→ Exercise: The exercise calls for the lines from the one containing "Дгпж узи. Зональная" to the end of the data below to be output exactly, pictures excluded.

→ Study material:
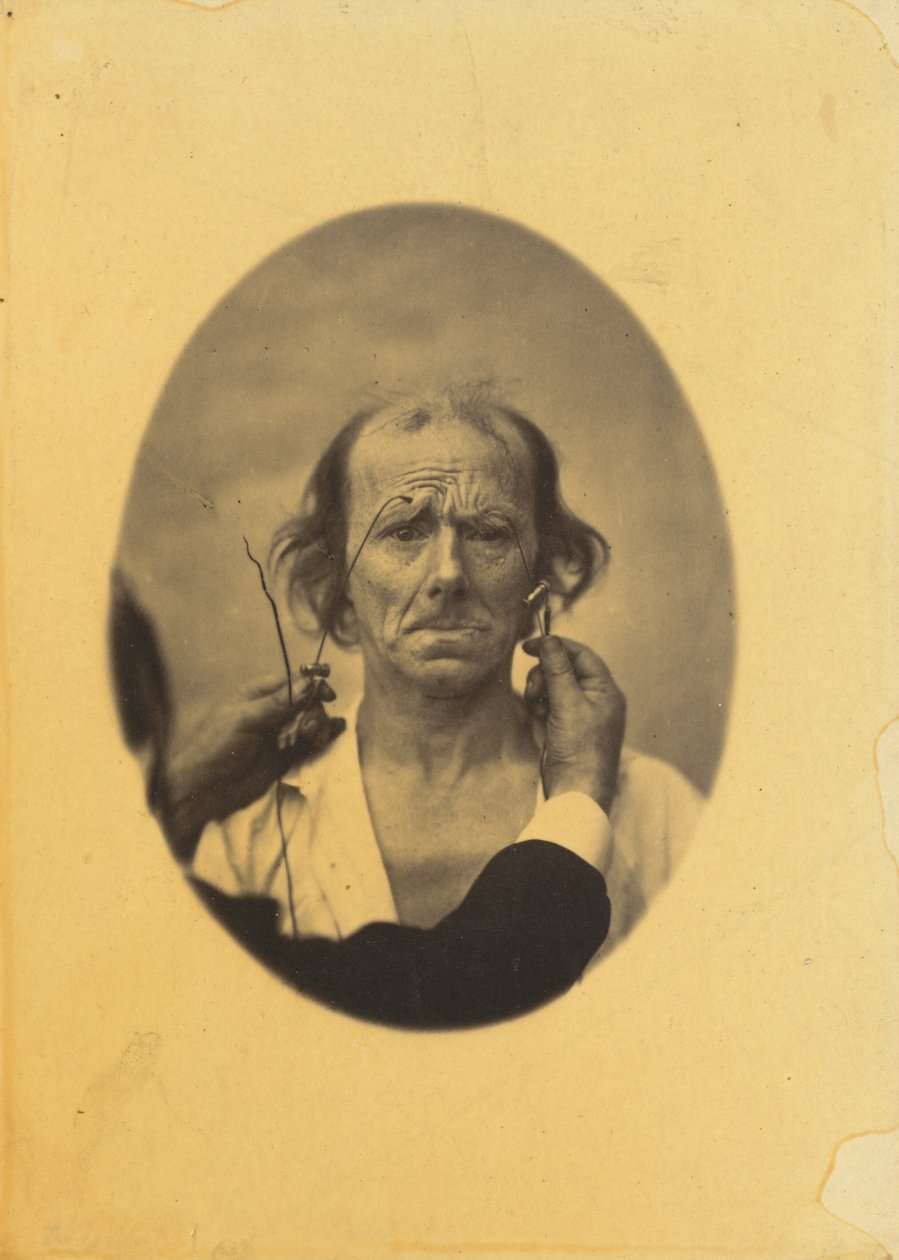 Insoddisfazione, pensieri cupi (sinistra); Riflessione (destra) da Guillaume Benjamin Amant Duchenne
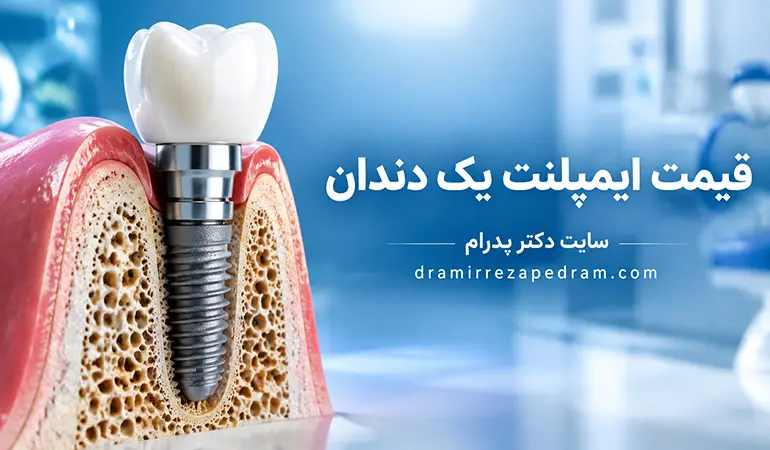 قیمت ایمپلنت یک دندان dramirrezapedram.com The main subject is ONE single dental implant. Show a medically accurate cross-sectional view of the jawbone and gum containing: - titanium dental implant - implant fixture - abutment - realistic white zirconia crown - natural gum tissue - detailed jawbone The implant should be large enough to clearly understand the treatment while maintaining an elegant professional composition. Use a premium medical blue and white background with soft studio lighting, subtle reflections and cinematic depth. Place this exact Persian headline in the CENTER: «قیمت ایمپلنت یک دندان» Also include: «سایت دکتر پدرام» «dramirrezapedram.com» Modern Persian typography, highly readable, elegant white text, subtle shadow/contrast. Ultra-realistic medical 3D visualization, 8K, photorealistic materials, anatomically accurate, premium dental clinic website advertising, clean, sophisticated, trustworthy and technologically advanced.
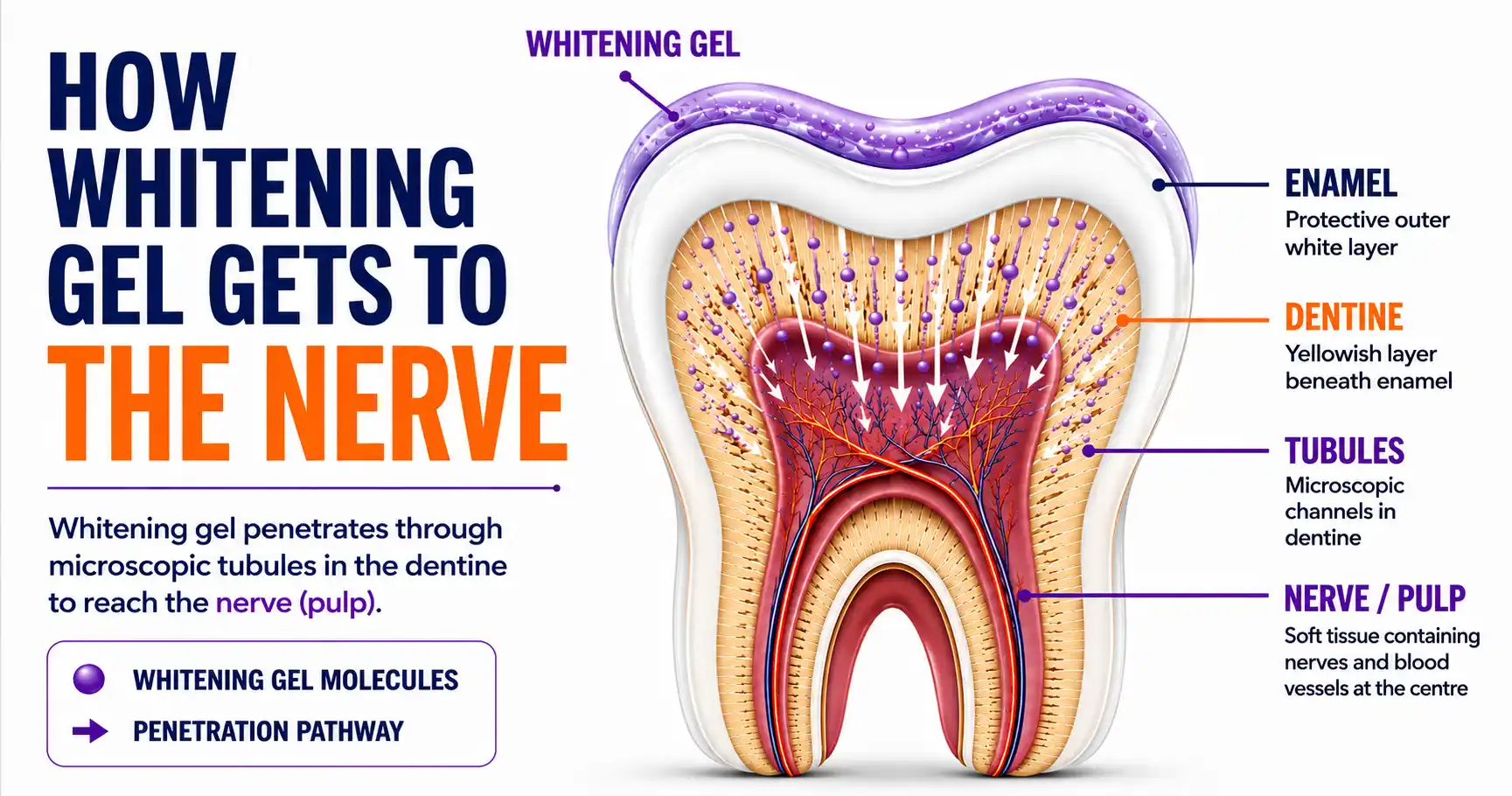 Why Do My Teeth Hurt After Whitening?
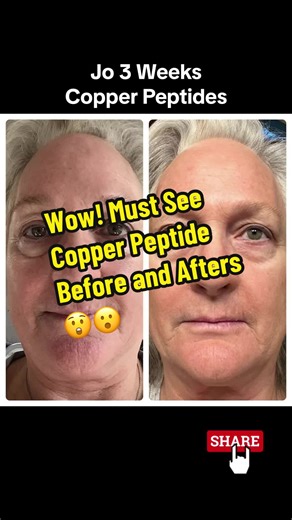 Copper Peptides: Transform Your Skin with Science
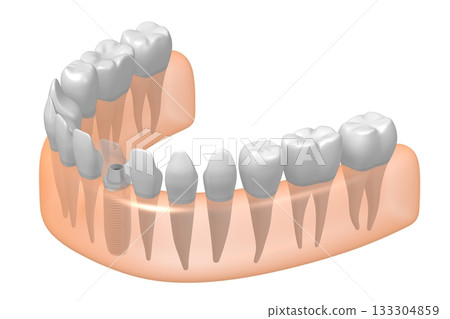 Tooth implant, other healthy ones and gum - 3D illustration 133304859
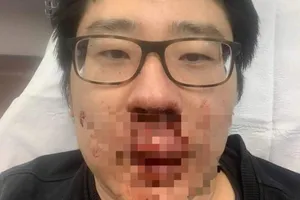 Giảng viên Trung Quốc bị tấn công vô lý ở Anh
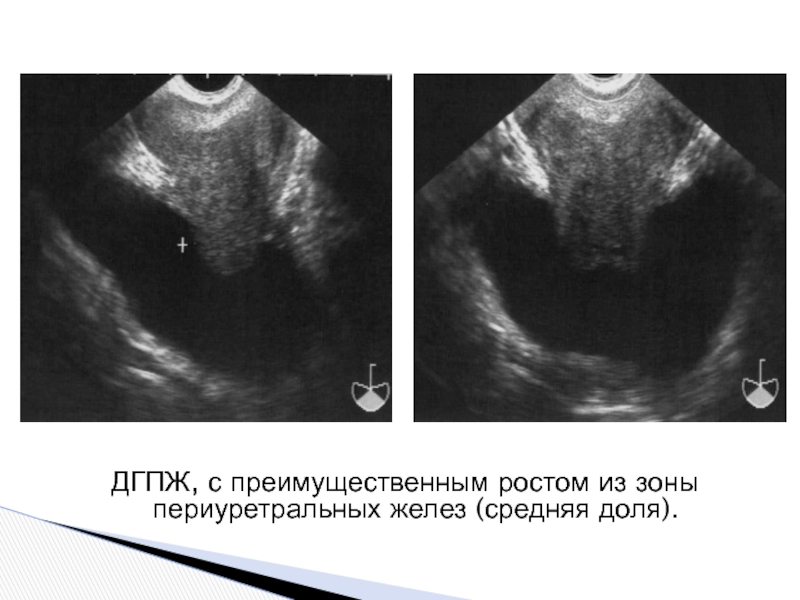 Дгпж узи. Зональная анатомия предстательной железы УЗИ. Гиперплазия предстательной железы УЗИ. Доброкачественная гиперплазия предстательной железы.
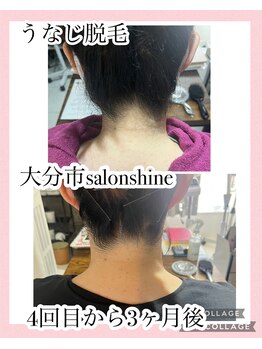 サロンシャイン(Salon Shine)/見た目が変わるうなじ脱毛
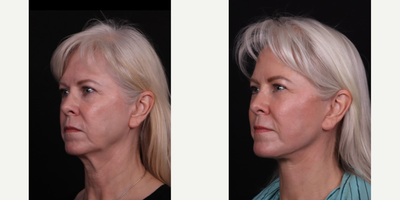 55-64 year old woman treated with Facelift, Deep Plane Facelift, Neck Lift, Eyelid Surgery, Facial Fat Transfer - Deep plane facelift, necklift, fat transfer, blepharoplasty B&A.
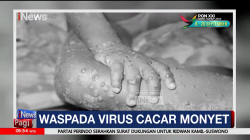 Virus Mpox Meningkat, Sandiaga Uno Minta Wisatawan Cek Kesehatan di Bandara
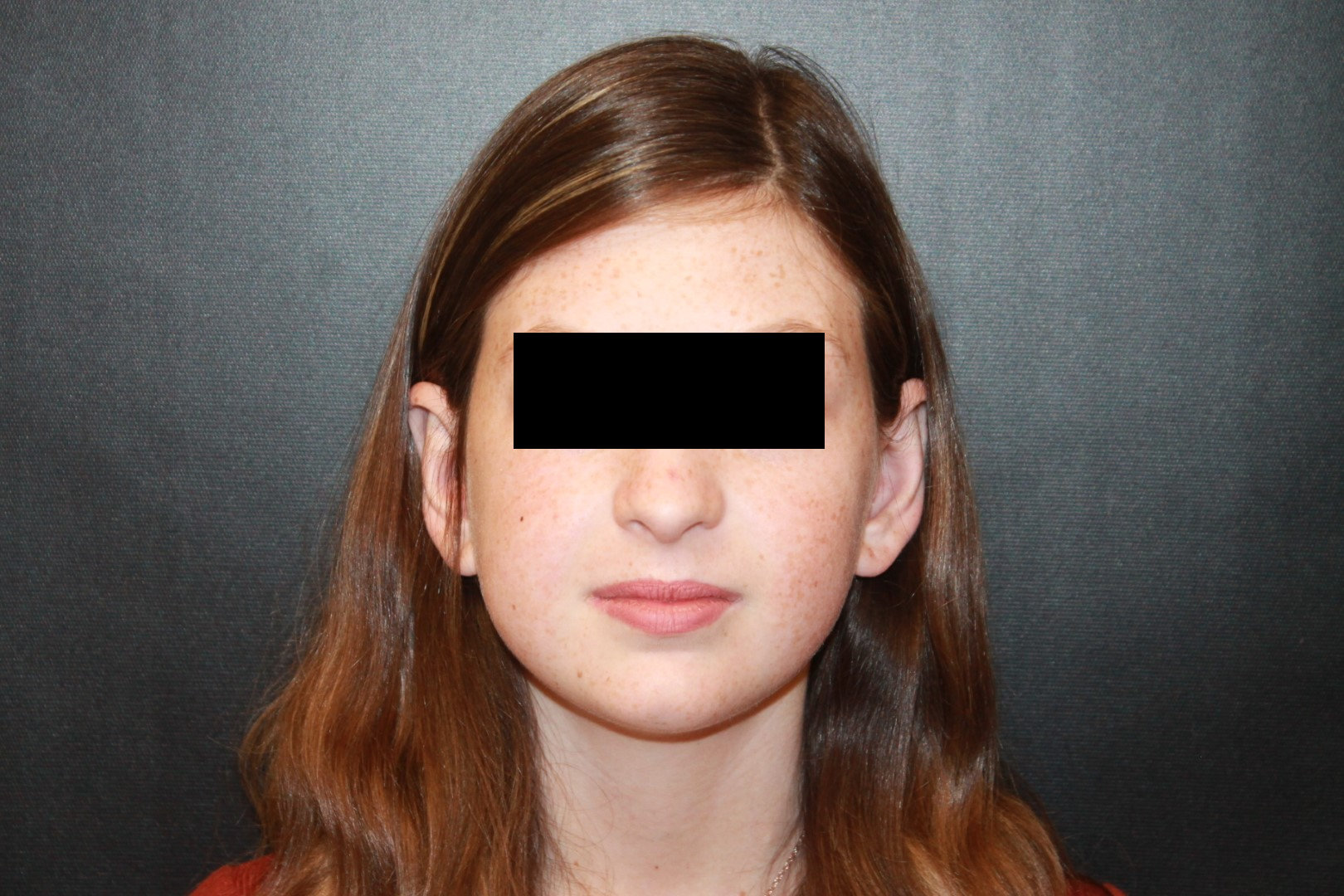 Otoplasty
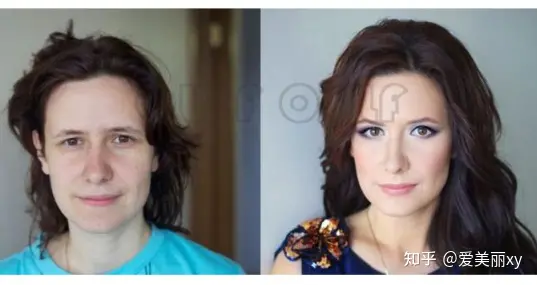 揭秘7d聚拉提大概全脸下来多少钱，7d聚拉提全脸多少钱做一次~-7d聚拉提全脸做一次能保持多久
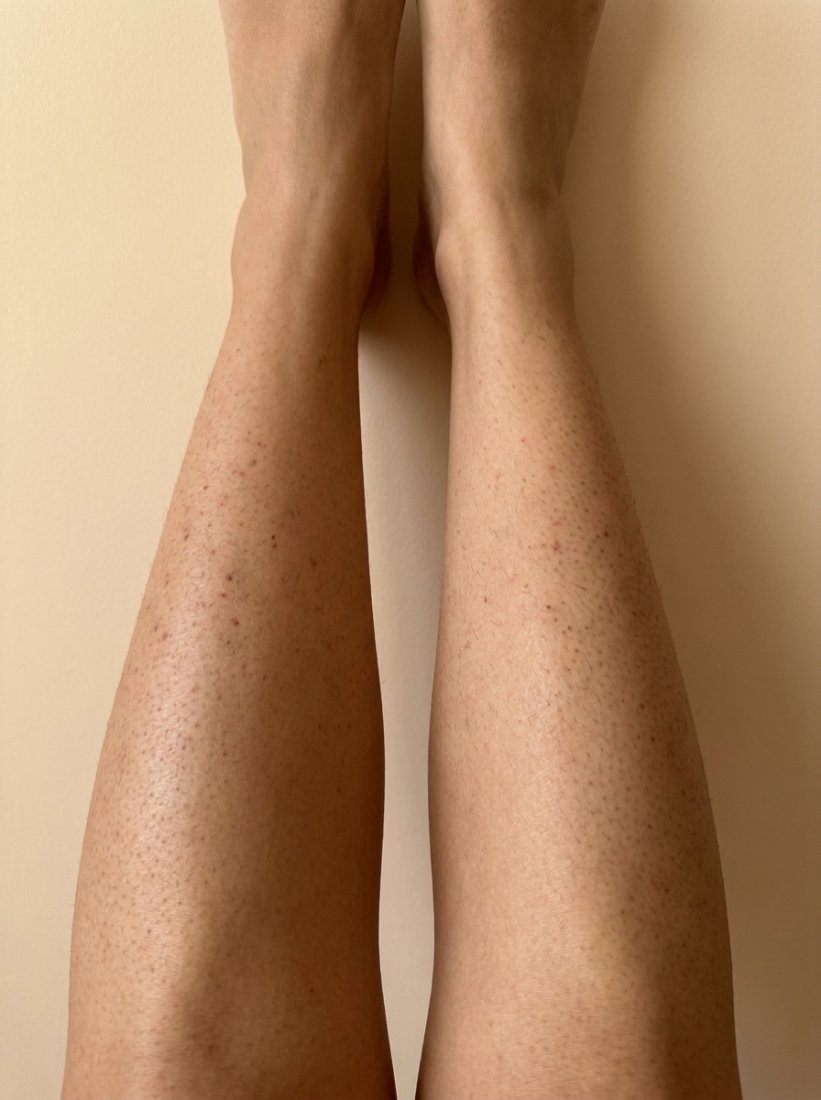 Renata · calves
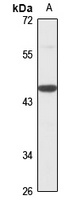 Anti-RCCD1 Antibody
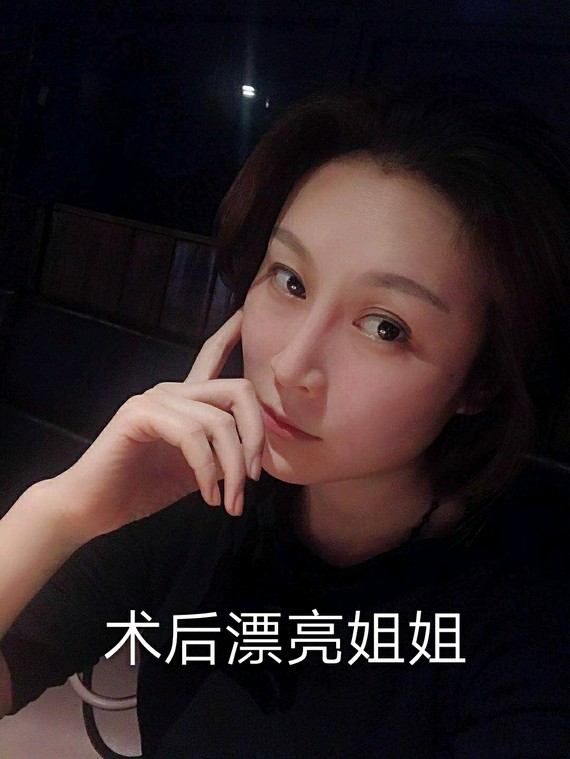 填充大坑避开四性感,get自然童颜脸豆瓣脂肪移安妮海自体瑟脂肪薇图片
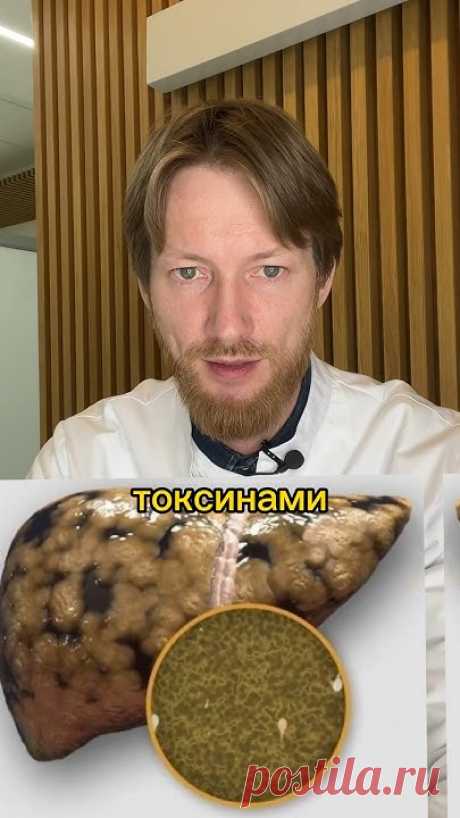 Рецепт для очистки печени и похудения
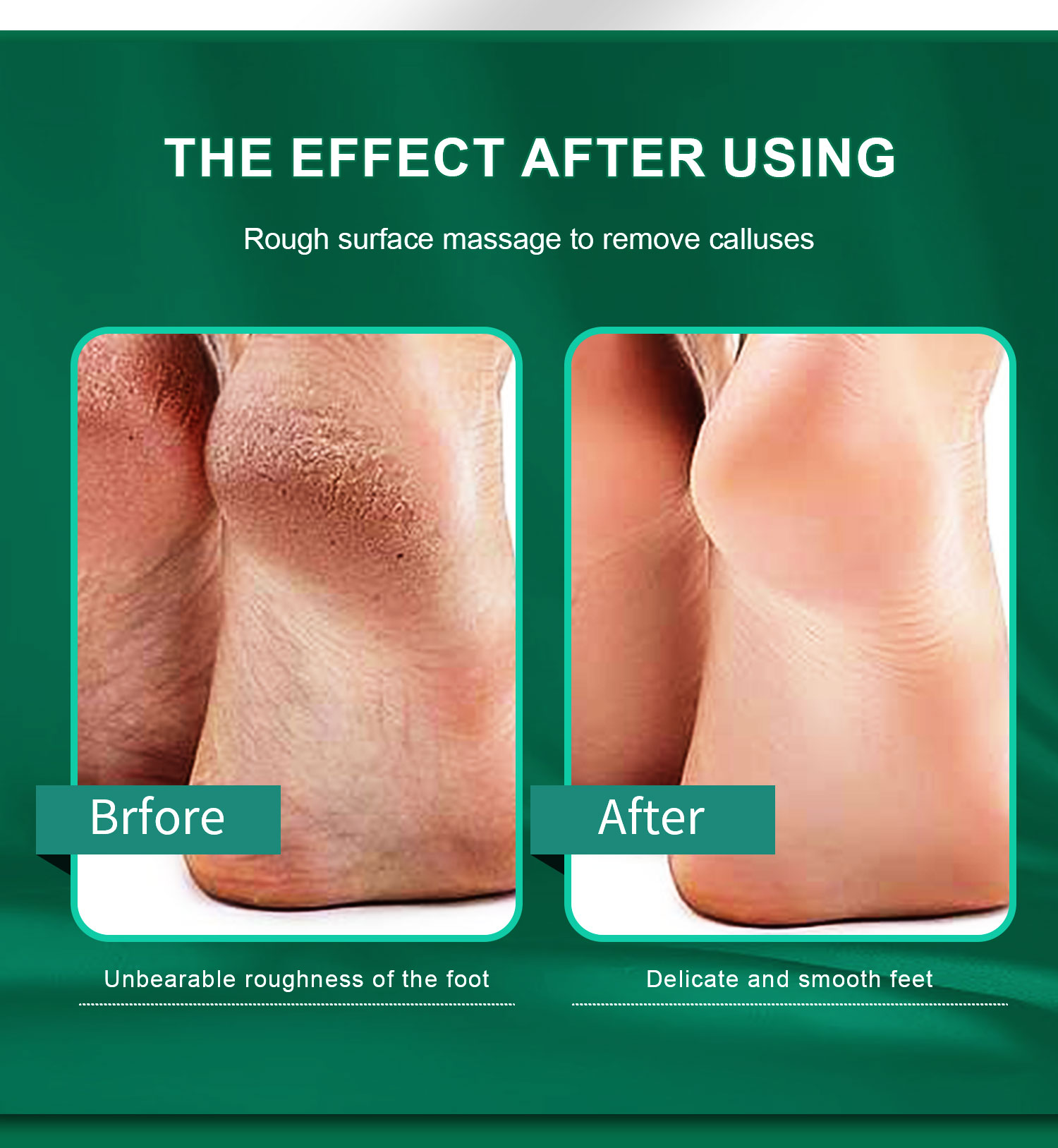 accessory for pedicure treatments.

→ Response to the task:
 Дгпж узи. Зональная анатомия предстательной железы УЗИ. Гиперплазия предстательной железы УЗИ. Доброкачественная гиперплазия предстательной железы.
 サロンシャイン(Salon Shine)/見た目が変わるうなじ脱毛
 55-64 year old woman treated with Facelift, Deep Plane Facelift, Neck Lift, Eyelid Surgery, Facial Fat Transfer - Deep plane facelift, necklift, fat transfer, blepharoplasty B&A.
 Virus Mpox Meningkat, Sandiaga Uno Minta Wisatawan Cek Kesehatan di Bandara
 Otoplasty
 揭秘7d聚拉提大概全脸下来多少钱，7d聚拉提全脸多少钱做一次~-7d聚拉提全脸做一次能保持多久
 Renata · calves
 Anti-RCCD1 Antibody
 填充大坑避开四性感,get自然童颜脸豆瓣脂肪移安妮海自体瑟脂肪薇图片
 Рецепт для очистки печени и похудения
 accessory for pedicure treatments.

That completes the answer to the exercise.